**Task item**
Of the lines below, report only those that contain "Building".

Entries supplied Block Start

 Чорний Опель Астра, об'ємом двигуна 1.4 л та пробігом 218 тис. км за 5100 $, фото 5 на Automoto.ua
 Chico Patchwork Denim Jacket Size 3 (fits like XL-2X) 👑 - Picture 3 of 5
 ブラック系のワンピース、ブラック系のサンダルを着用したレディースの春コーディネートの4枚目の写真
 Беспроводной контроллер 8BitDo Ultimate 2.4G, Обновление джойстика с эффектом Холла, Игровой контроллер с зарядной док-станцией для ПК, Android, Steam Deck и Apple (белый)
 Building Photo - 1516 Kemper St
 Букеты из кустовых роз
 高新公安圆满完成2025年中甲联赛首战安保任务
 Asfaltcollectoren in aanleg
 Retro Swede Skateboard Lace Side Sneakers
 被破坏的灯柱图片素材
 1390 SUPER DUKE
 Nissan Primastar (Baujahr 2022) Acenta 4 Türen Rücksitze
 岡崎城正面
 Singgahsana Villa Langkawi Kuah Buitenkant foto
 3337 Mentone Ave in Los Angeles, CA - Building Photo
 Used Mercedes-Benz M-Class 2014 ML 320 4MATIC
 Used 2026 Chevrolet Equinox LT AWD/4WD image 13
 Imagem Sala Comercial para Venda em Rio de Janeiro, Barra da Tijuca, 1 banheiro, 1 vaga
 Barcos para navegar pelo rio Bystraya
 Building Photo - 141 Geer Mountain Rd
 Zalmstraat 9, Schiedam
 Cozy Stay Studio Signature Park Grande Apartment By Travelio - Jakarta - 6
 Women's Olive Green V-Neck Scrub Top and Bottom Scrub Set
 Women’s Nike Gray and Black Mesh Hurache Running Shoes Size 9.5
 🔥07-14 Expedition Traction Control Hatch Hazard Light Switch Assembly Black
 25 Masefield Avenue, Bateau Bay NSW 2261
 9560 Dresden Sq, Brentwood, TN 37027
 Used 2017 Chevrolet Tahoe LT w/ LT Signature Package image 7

Entries supplied Block End

**Expected answer**
 Building Photo - 1516 Kemper St
 3337 Mentone Ave in Los Angeles, CA - Building Photo
 Building Photo - 141 Geer Mountain Rd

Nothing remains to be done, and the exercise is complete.